If I have several large intermediate variable in the optimization loop, can I allocate them outside the loop to avoid to generate them every iteration? I encountered RuntimeError when trying to do so and I found an explanation. Is there a correct way to allocate intermediate variable?

var1 = torch.rand(128, 128, requires_grad=True)
m1 = var1.new_empty((4, *var1.shape)) # intermediate variable
a = torch.linspace(1, 10, 4).reshape(4, 1, 1)

for i in range(10):
    #m1 = var1.new_empty((4, *var1.shape)) # No error if this line is uncommented
    m1[:] = torch.exp(var1[None, :] ** 2)
    l = loss(m1, data)
    l.backward()
    with torch.no_grad():
        var1 -= var1.grad * 0.1
        var1.grad.zero_()

#RuntimeError: Trying to backward through the graph a second time, but the saved intermediate results #have already been freed. Specify retain_graph=True when calling .backward() or autograd.grad() the #first time.

Instead of recreating m1 (this could also work, since PyTorch would reuse the allocated memory) you could also detach m1 from the previous iteration using m1.detach_().

Got it. Thanks a lot.

Could you please show me how to detach m1? I used the following code but an error happened.

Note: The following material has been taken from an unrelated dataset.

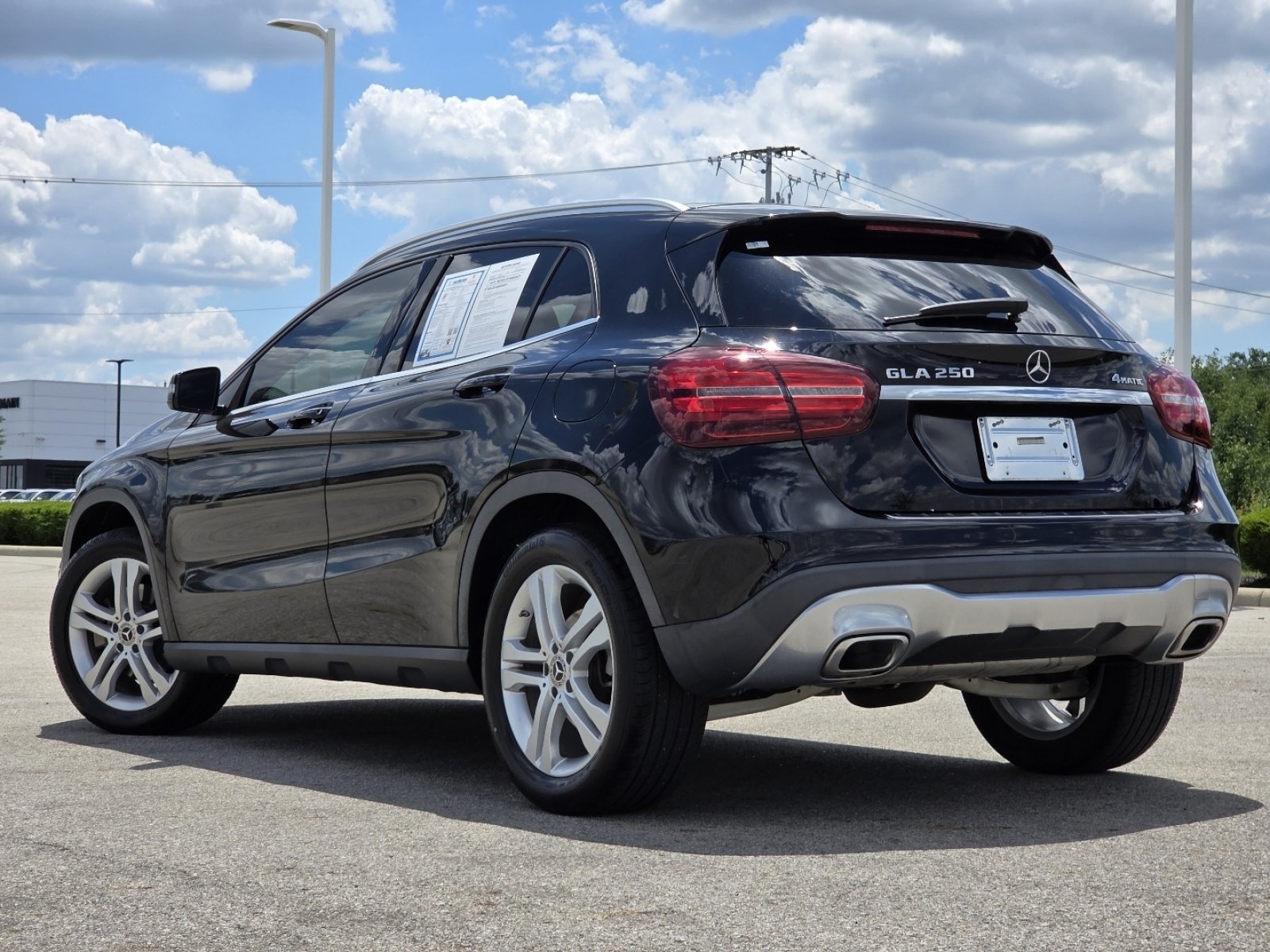 Used 2020 Mercedes-Benz GLA 250 4MATIC image 17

var1 = torch.ones(128, 128, requires_grad=True)
m1 = var1.new_empty((4, *var1.shape), requires_grad=True)
a = torch.linspace(1, 10, 4).reshape(4, 1, 1)

for i in range(10):
    print(i)
    m1.detach()[:] = torch.exp(var1[None, :] * 2)
    l = loss(m1, data)
    l.backward()
    with torch.no_grad():
        var1 -= var1.grad * 0.1
        var1.grad.zero_()
#---------------------------------------------------------------------------
TypeError                                 Traceback (most recent call last)
<ipython-input-31-7971284f49be> in <module>
      9     l.backward()
     10     with torch.no_grad():
---> 11         var1 -= var1.grad * 0.1
     12         var1.grad.zero_()

TypeError: unsupported operand type(s) for *: 'NoneType' and 'float'

Here is an example:

var1 = torch.rand(128, 128, requires_grad=True)
m1 = var1.new_empty((4, *var1.shape)) # intermediate variable
a = torch.linspace(1, 10, 4).reshape(4, 1, 1)
data = torch.randn(128, 128)

for i in range(10):
    m1.detach_()
    m1[:] = torch.exp(var1[None, :] ** 2)
    l = (m1 - data).mean()
    l.backward()
    with torch.no_grad():
        var1 -= var1.grad * 0.1
        var1.grad.zero_()
1 Like